Short descriptive text snippets:
--------------------

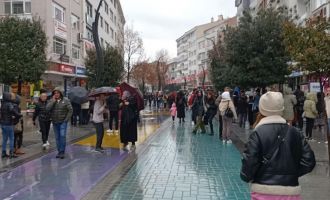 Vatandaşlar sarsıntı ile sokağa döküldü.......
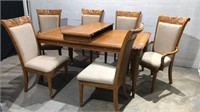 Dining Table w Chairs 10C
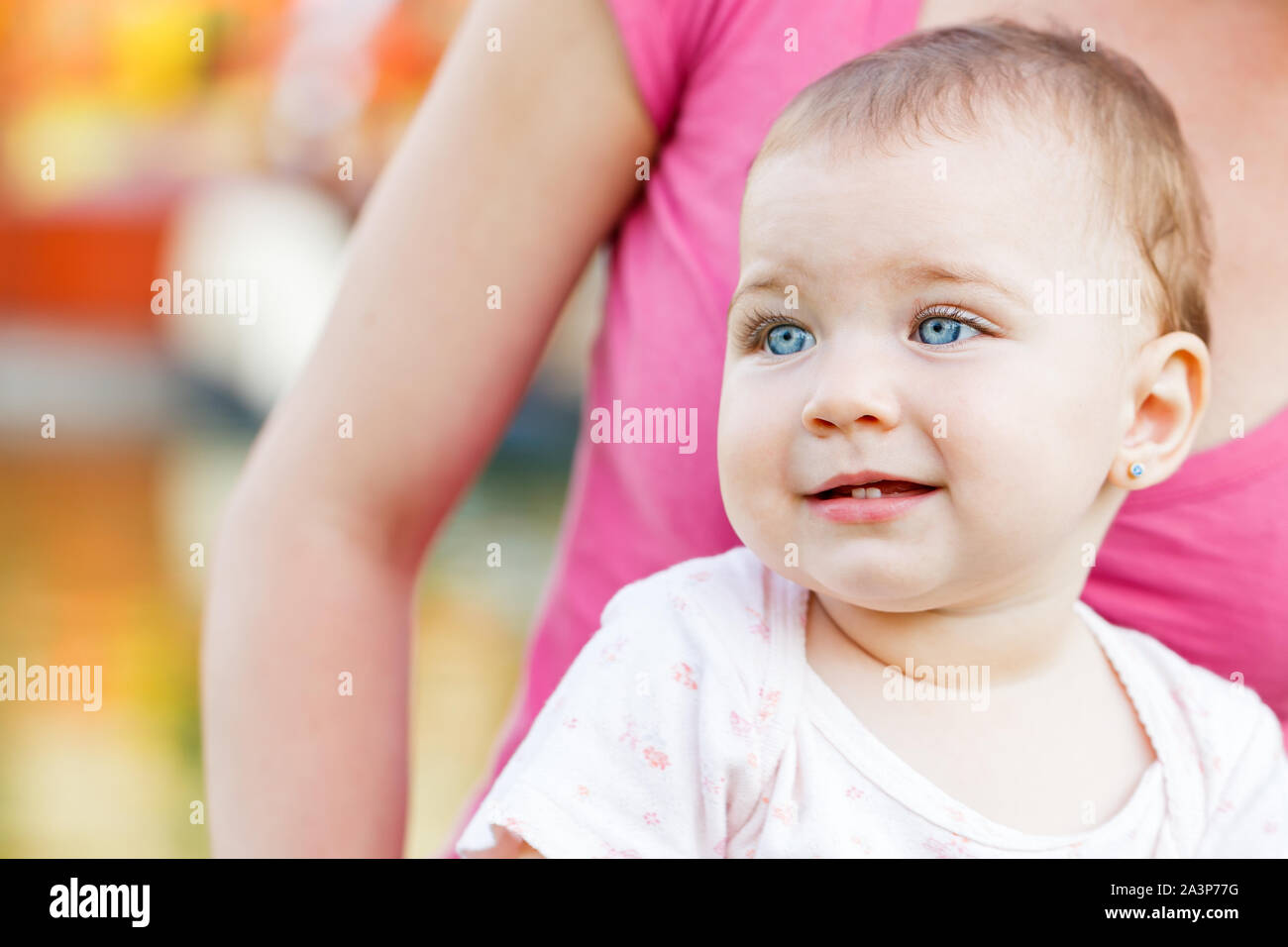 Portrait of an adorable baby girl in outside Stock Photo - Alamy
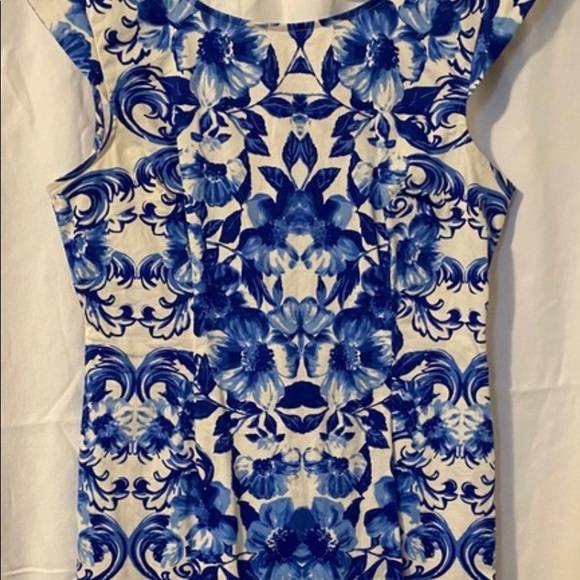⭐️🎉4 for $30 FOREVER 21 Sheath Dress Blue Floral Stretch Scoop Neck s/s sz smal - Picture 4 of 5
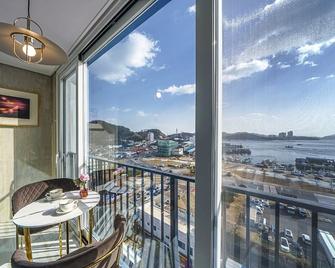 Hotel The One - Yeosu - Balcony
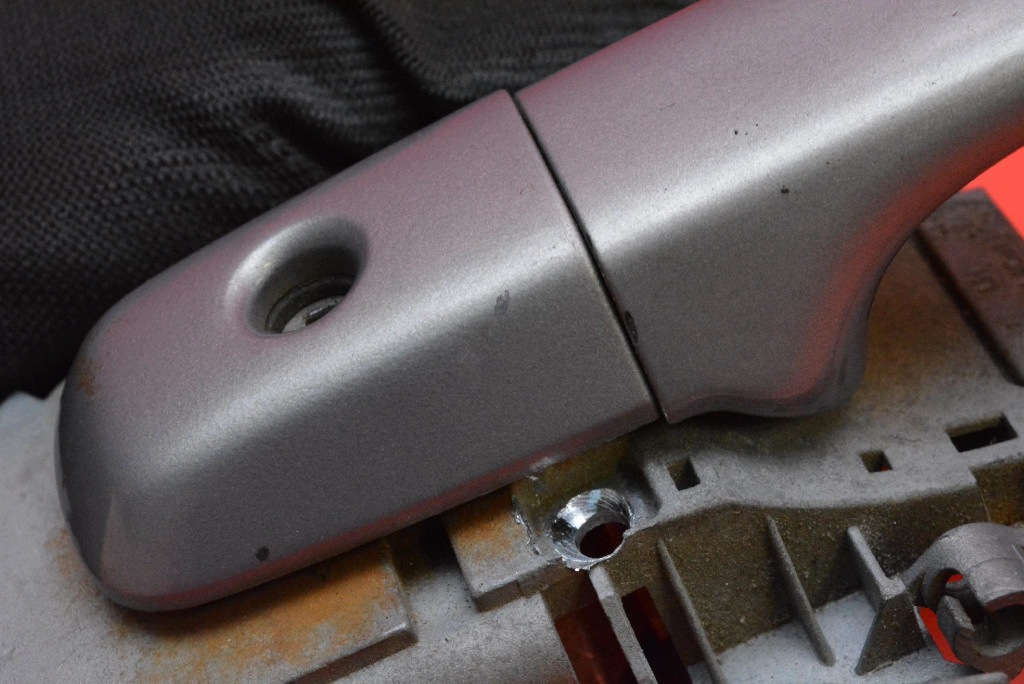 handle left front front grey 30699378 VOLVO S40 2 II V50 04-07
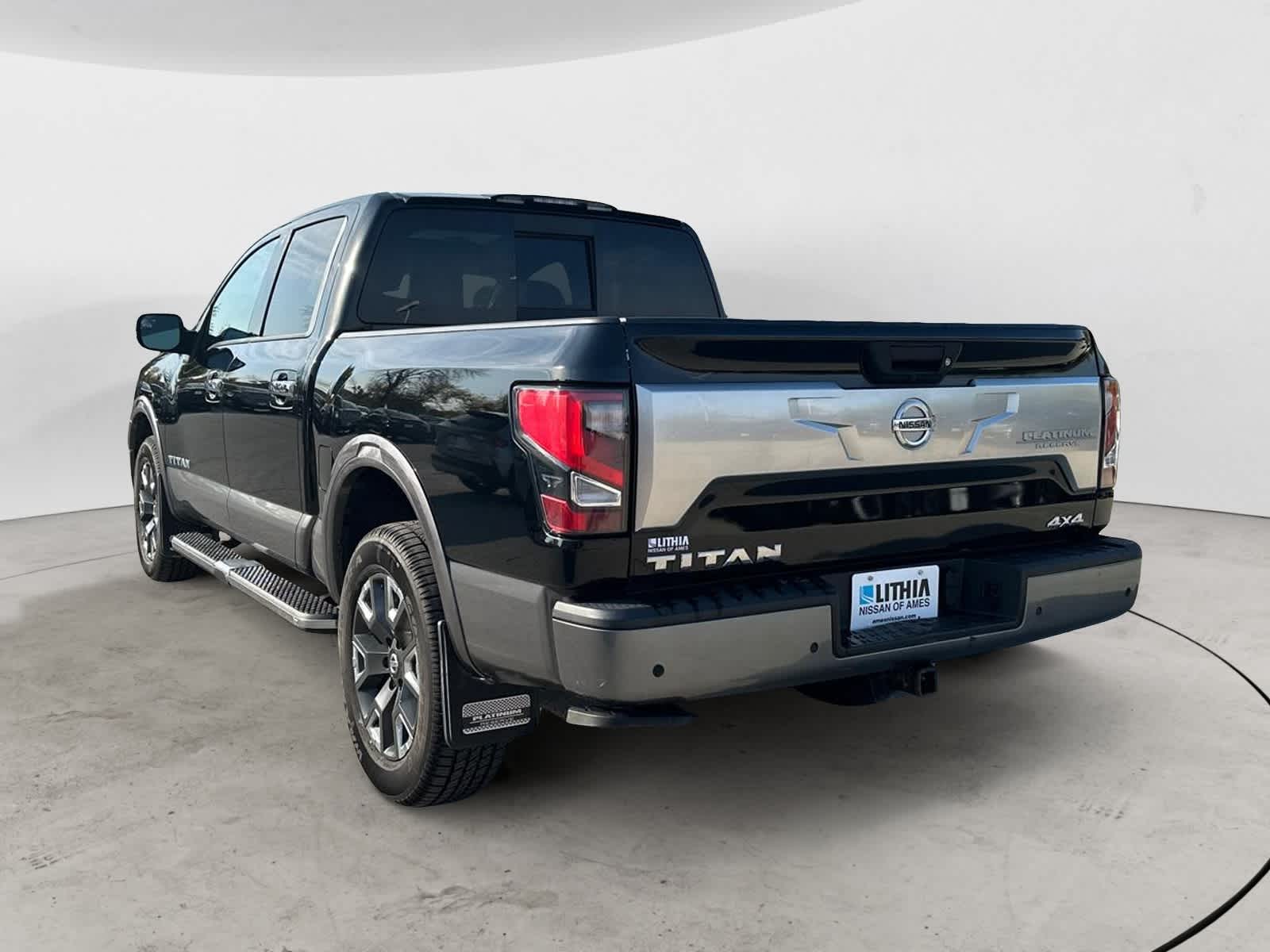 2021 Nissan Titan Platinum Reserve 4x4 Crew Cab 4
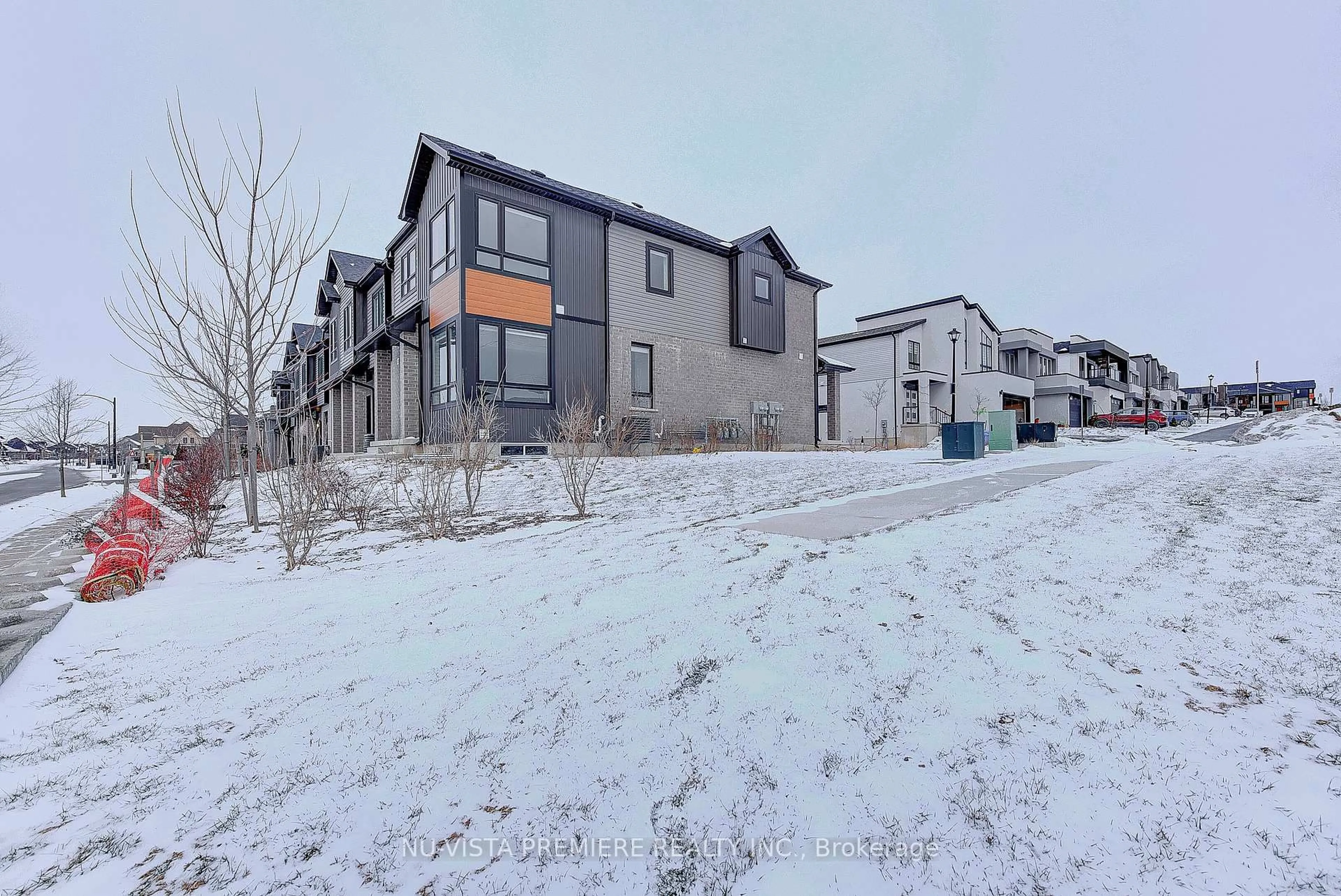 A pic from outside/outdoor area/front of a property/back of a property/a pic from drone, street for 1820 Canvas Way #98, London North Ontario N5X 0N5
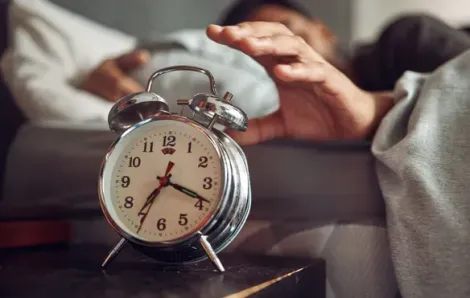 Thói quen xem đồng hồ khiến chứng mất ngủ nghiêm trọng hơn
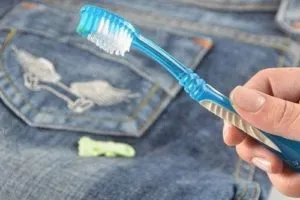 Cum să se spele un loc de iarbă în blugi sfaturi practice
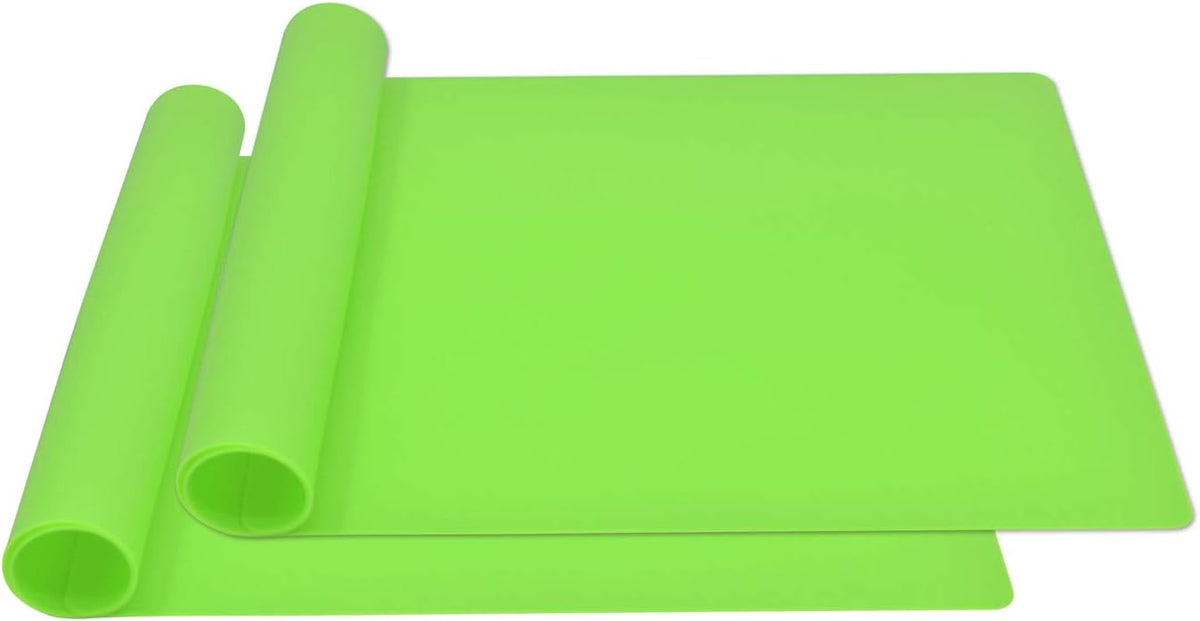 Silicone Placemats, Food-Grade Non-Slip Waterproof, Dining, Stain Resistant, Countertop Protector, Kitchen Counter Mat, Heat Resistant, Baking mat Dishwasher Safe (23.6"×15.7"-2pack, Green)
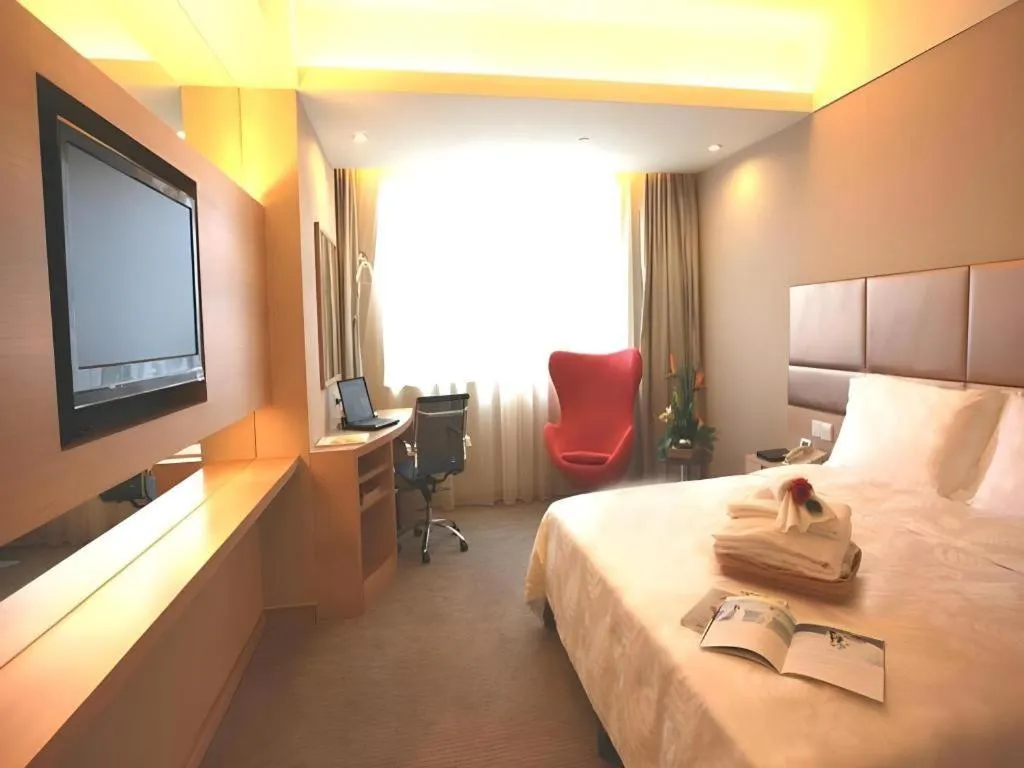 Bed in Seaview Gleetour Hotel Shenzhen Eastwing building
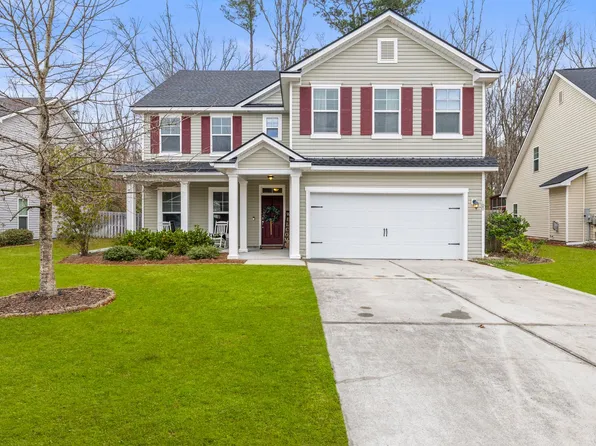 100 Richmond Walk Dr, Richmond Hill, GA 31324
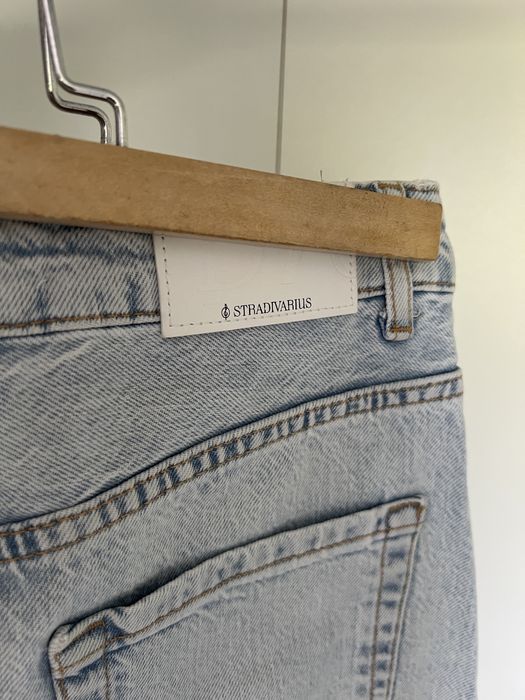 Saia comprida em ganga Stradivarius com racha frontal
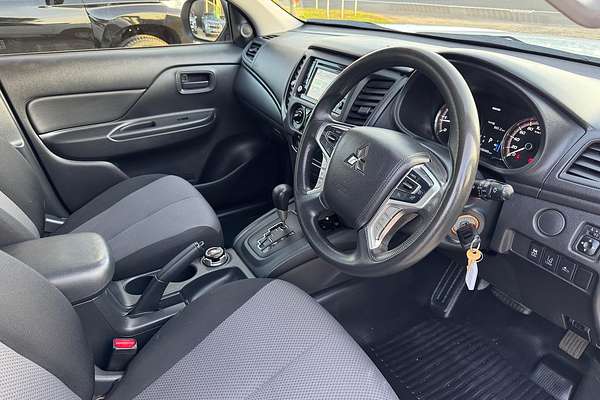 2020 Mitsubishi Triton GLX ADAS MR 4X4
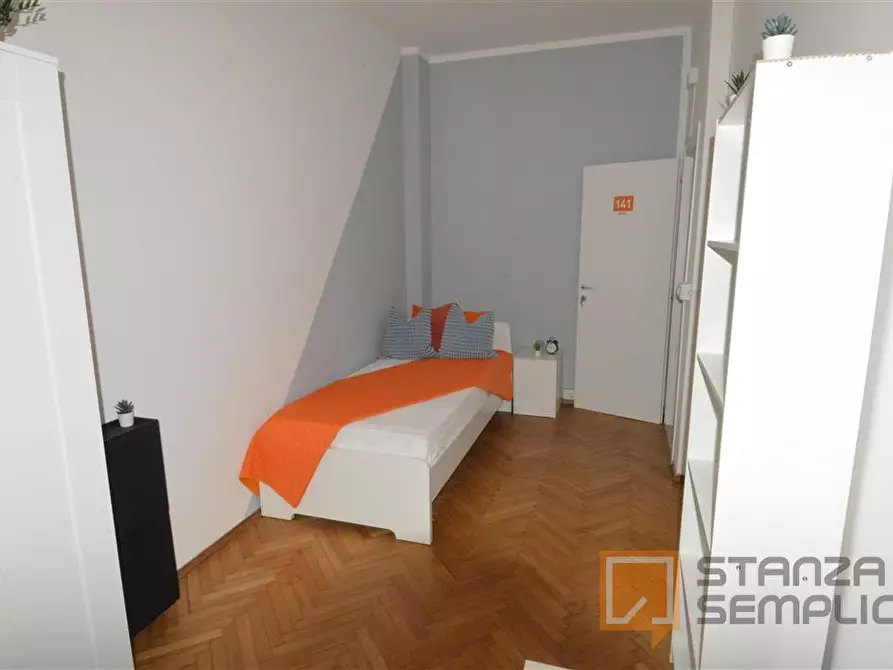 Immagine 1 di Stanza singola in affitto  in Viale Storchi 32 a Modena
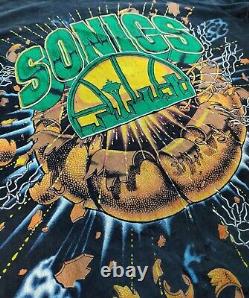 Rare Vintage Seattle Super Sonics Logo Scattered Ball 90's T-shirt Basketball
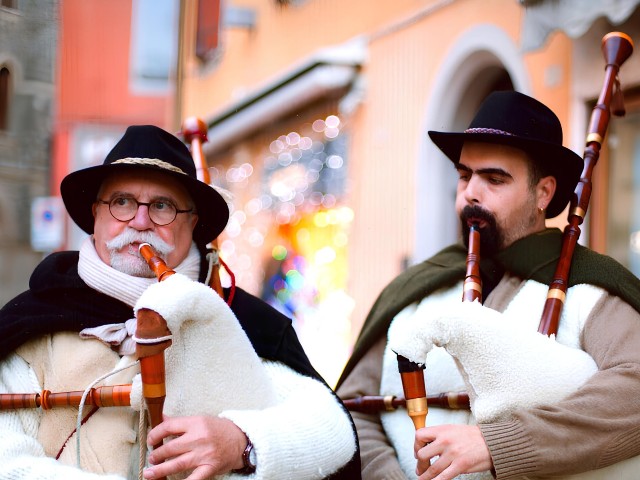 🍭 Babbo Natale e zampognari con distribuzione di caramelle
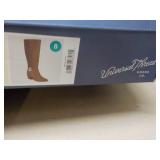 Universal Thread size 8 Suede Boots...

--------------------

Repeat only the lines from the one holding "2020 Mitsubishi Triton GLX ADAS MR 4X4" through the last line of the data, inclusive. Keep the pictures out.

 2020 Mitsubishi Triton GLX ADAS MR 4X4
 Immagine 1 di Stanza singola in affitto  in Viale Storchi 32 a Modena
 Rare Vintage Seattle Super Sonics Logo Scattered Ball 90's T-shirt Basketball
 🍭 Babbo Natale e zampognari con distribuzione di caramelle
 Universal Thread size 8 Suede Boots...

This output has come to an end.